**Your assignment:** Begin the copy at the line containing "Scientific figure showing" in the data below and end it at the line containing "Cathartes burrovianus /", keeping each line exact and leaving out pictures.

**Source material:**
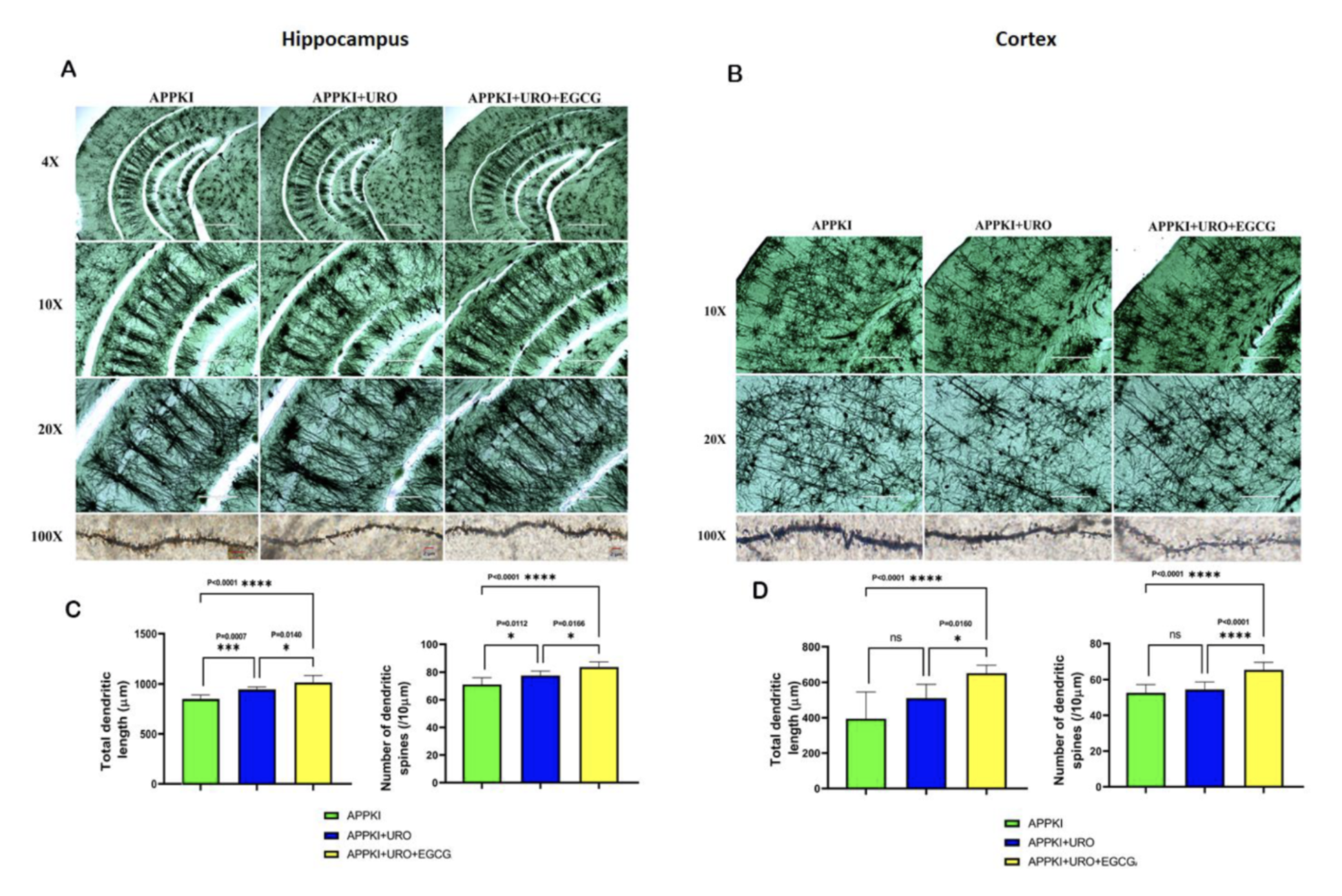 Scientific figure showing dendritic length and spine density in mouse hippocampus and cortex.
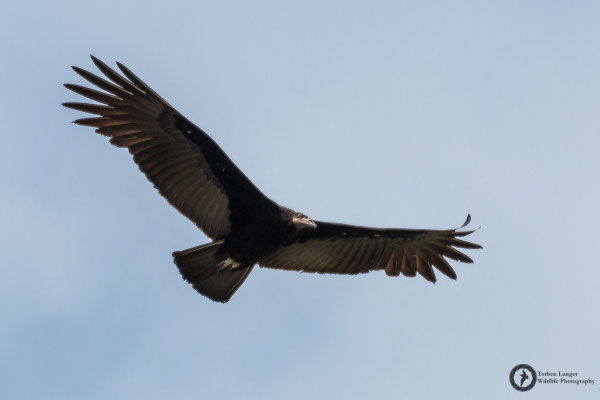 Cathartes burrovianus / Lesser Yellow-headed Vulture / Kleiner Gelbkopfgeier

---

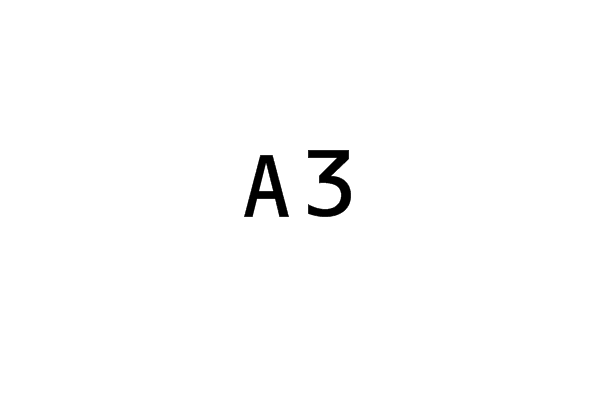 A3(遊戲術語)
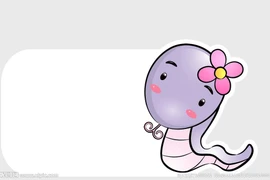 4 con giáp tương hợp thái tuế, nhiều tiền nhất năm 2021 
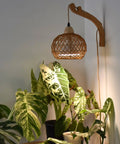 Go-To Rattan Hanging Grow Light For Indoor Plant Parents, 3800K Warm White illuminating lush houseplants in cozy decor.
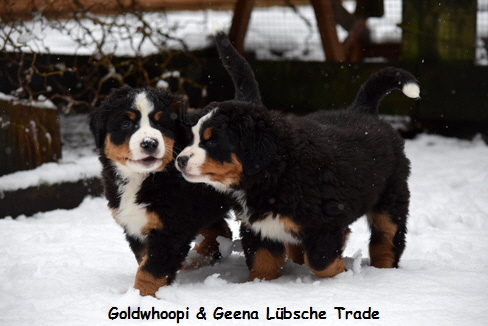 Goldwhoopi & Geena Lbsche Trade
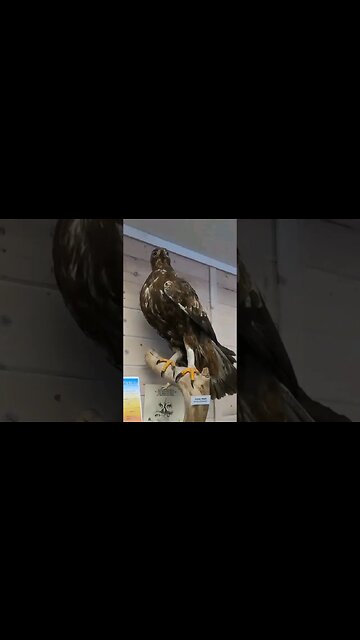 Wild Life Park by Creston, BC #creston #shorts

**Answer to this exercise:**
 Scientific figure showing dendritic length and spine density in mouse hippocampus and cortex.
 Cathartes burrovianus / Lesser Yellow-headed Vulture / Kleiner Gelbkopfgeier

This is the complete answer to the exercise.